TESTO Commento su Giovanni 14,1-6
Missionari della Via Missionari della Via - Veritas in Caritate
Venerdì della IV settimana di Pasqua (16/05/2025)
Vangelo: Gv 14,1-6
Una delle nostre grandi paure è quella legata al “posto”: non avere un posto nell'eternità, non trovare il nostro posto in questa vita, o che tutte le sofferenze vissute non trovino posto nel cuore di Dio (cioè non abbiano alcun senso). Gesù, parlando con i suoi discepoli poco prima della passione, li rassicura, invitandoli a non lasciarsi vincere dal turbamento. La prima strada è la fede: «Abbiate fede in Dio e abbiate fede anche in me». è la fede l'antidoto più grande alle nostre paure; è il poggiarci su di Lui, certi del suo amore, che ci affranca dalle paure esistenziali più profonde. E Gesù continua dicendo: «Nella casa del Padre mio vi sono molte dimore. Se no, vi avrei mai detto: "Vado a prepararvi un posto"?». Lui ci ha preparato un posto; c'è posto per noi nel cuore di Dio, c'è un posto preparato per noi nell'eternità, c'è un posto pensato per noi nella storia dell'umanità. È Gesù che ci aiuta a scoprirlo, a raggiungerlo, a realizzarlo. Qualora non avessimo ancora compreso qual è il nostro posto/missione, non stanchiamoci di chiederglielo, coltivando il discernimento. Qualora invece non riuscissimo ad accettarlo o ne avessimo perso di vista il valore, chiediamo al Signore che ci aiuti a riscoprirlo, vivendo in pienezza il nostro quotidiano, certi che “ciascuno è necessario al suo posto come un arcangelo al suo!”.

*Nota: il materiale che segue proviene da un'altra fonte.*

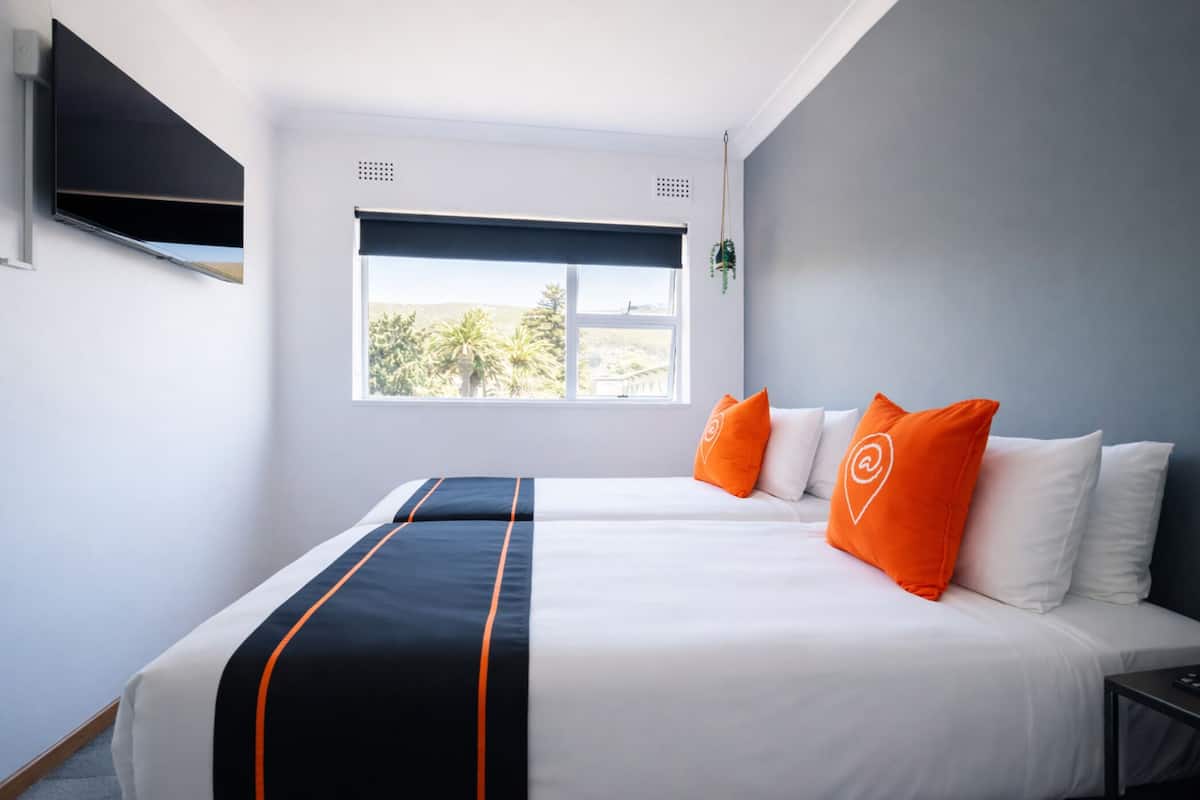 Ein Hotelzimmer mit einem großen Bett, weißer Bettwäsche, orangen Kissen, einem flachbildfernseher an der Wand und einem Fenster mit Blick auf Palmen.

«Dio mi ha creato perché gli rendessi un particolare servizio; mi ha affidato un lavoro che non ha affidato ad altri. Ho la mia missione, che non saprò mai in questo mondo, ma mi sarà detta nell'altro. Non so come, ma sono necessario ai suoi fini, necessario nel mio posto come un Arcangelo nel suo; [...] ho una parte in questa grande opera; sono un anello della catena, un legame di parentela tra le persone. Non mi ha creato per nulla. Io farò il suo lavoro; sarò un angelo di pace, un predicatore di verità stando al mio posto, senza averne l'intenzione, se soltanto ne osservo i comandamenti e lo servo nella mia vocazione. Avrò, perciò, fiducia in lui. Qualsiasi cosa e dovunque io sia, non posso mai essere buttato via. Se sono ammalato, la mia malattia può servire a lui; se sono nel dolore, il mio dolore può servire a lui. La mia malattia, o perplessità, o dolore possono essere cause necessarie di qualche grande disegno il quale è completamente al di sopra di noi. Egli non fa nulla inutilmente; può prolungare la mia vita, può abbreviarla; sa quello che fa. Può togliermi gli amici, può gettarmi tra estranei, può farmi sentire desolato, può far sì che il mio spirito si abbatta, può tenermi celato il futuro, e tuttavia egli sa quello che fa. [...] Non ti chiedo di vedere, non ti chiedo di sapere, ti chiedo semplicemente di essere messo all'opera» (San John Henry Newman).